Jesse Eisenberg in this case is the one looking through his fingers. He idolizes his dad and his early accomplishments as a writer so much so that he thinks his mother’s recent success as a writer in her own right has caused his parents divorce. He wants so much to be his dad that he regurgitates his father’s ideas on books to other people without having actually read those books himself. He lets slip that he thinks Kafka’s Metamorphosis is “Kafka-esq”. He plagiarizes a Pink Floyd song for a school talent show because he thinks it was something that he could have written, so that the fact that he didn’t actually write it doesn’t matter. He hates his mom without ever actually seeing things from her perspective. It is only after slowly realizing what a dink his father is (played superbly by Jeff Daniels) that he begins to remember that he has always been closer to his mother (again, played superbly by Laura Linney).

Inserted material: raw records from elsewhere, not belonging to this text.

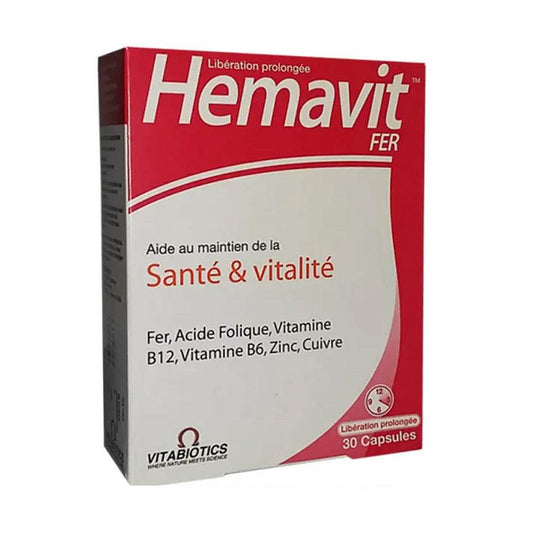 Vitabiotics Hemavit Fer Santé et Vitalité 30 Capsules - Para Klean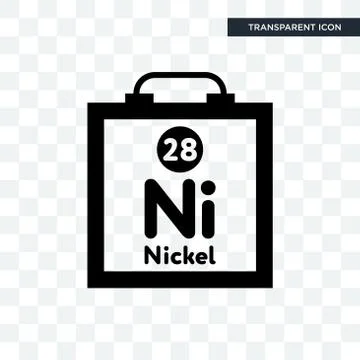 Nickel vector icon isolated on transparent background, nickel logo design Stock Illustration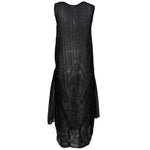 1920's Art Deco Black Beaded Ruched and Scalloped Evening Dress, back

The Squid and the Whale is all about catching moments and behaviors, of observing without necessarily judging. Despite their comic nature they feel very real. You probably know someone like them. You might actually have been or you are them. Despite its surprisingly short length you get a lot out of it.
(MUST SEE)
(April 2)
——Kind Hearts and Coronets (1949)——
A daughter of a dukedom runs off to marry an Italian opera singer beneath her station only to get herself shunned from the family, and when her husband dies, penniless. The son of that daughter watches his mother struggle to raise him and watches repeatedly as his relatives ignore her as if she never existed. The only thing that keeps her sane is the idea that it is remotely possible that her son might become duke one day, that is in the very unlikely situation that all eight of his other relations should die first without producing another heir.

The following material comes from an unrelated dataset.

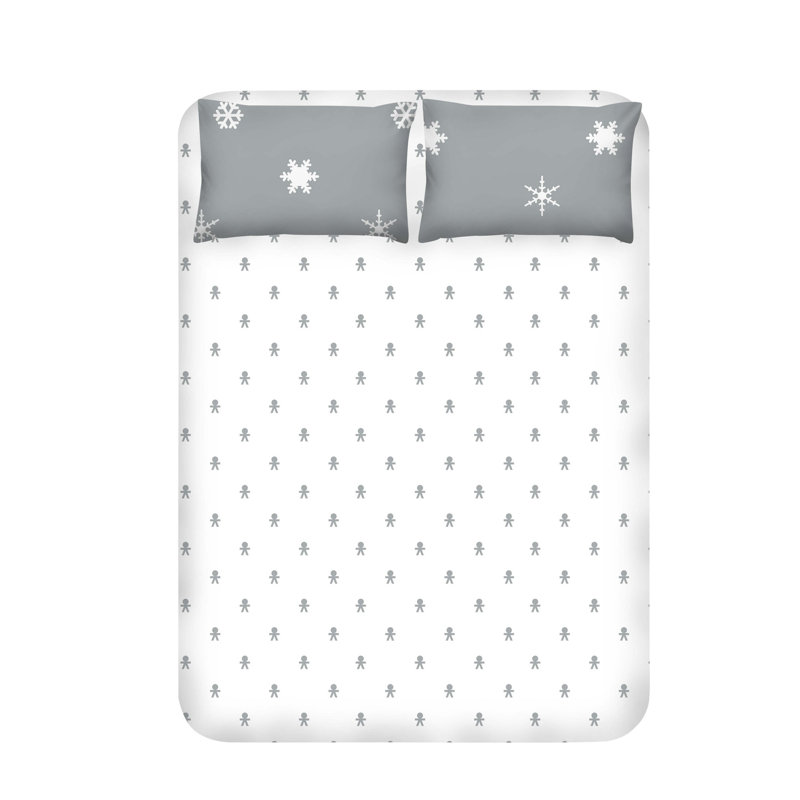 Ensemble de draps gris / blanc 100% coton
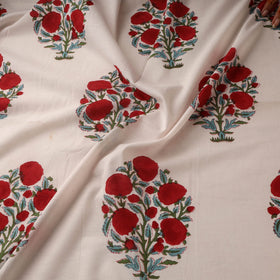 Mughal butta hand cotton sanganeri fabric 08 - handcrafted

So is the setup for Kind Hearts and Coronets. The entire story is told in flashback as Louis writes his memoirs of his life leading up to his becoming duke, all from the prison cell he spends his last night in before going to the gallows for murder. He writes of his humble beginnings with his mother, of the girl he was in love with and loved him, but laughed at him when he mentioned he might one day be duke. And finally he gets to the point in his life when he makes up his mind to kill his entire family out of revenge for them not letting his mother be buried in the family crypt. Despite these grim circumstances the story is actually a black comedy, helped out by the fact that all eight of the family members are played by Alec Guinness in deliciously deadpan seriousness, and yet all are killed in delightful and absurdly obtuse ways. For instance, Lady Agatha is killed after an arrow (shot by Louis) pierces her hot air balloon, plummeting her to her death. The general is done in by exploding caviar. The admiral…well, he somehow manages to do himself in.

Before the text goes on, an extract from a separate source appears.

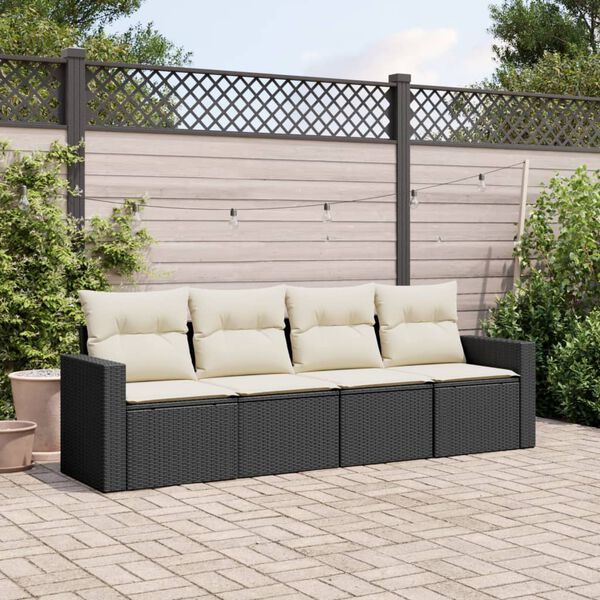vidaXL Salon de jardin 4 pcs avec coussins noir r&eacute;sine tress&eacute;e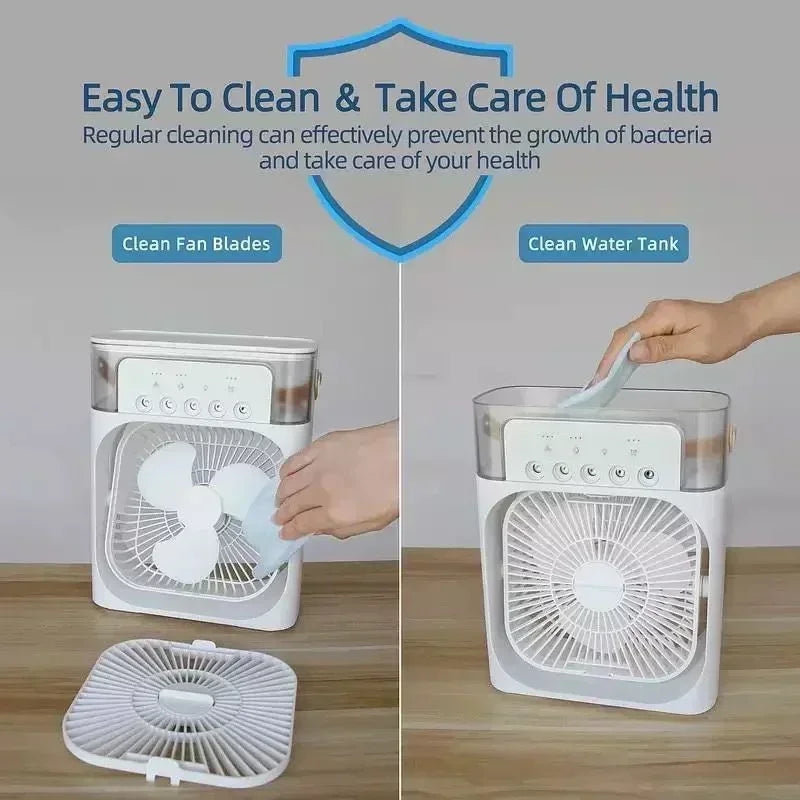 3-in-1 Portable Air Cooler Fan with Humidifier & 7-Color LED Night Light β USB Rechargeable Mini AC for Home, Office & Travel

Amid all of the delightful British murder is a love triangle between Louis, his boyhood crush, and the widow of one of his victims whom he decides would make a much better wife of a duke than his crush would. All of the roles are played amazing well, from Dennis Price as Louis to, of course, Alec Guinness as the D’Ascoyne family, and even to both female leads who bring a presence to their performances that make you remember them long after they have disappeared off-screen. I’m tempted to also write about the twist of the ending, but it is too delightful for me to ruin here.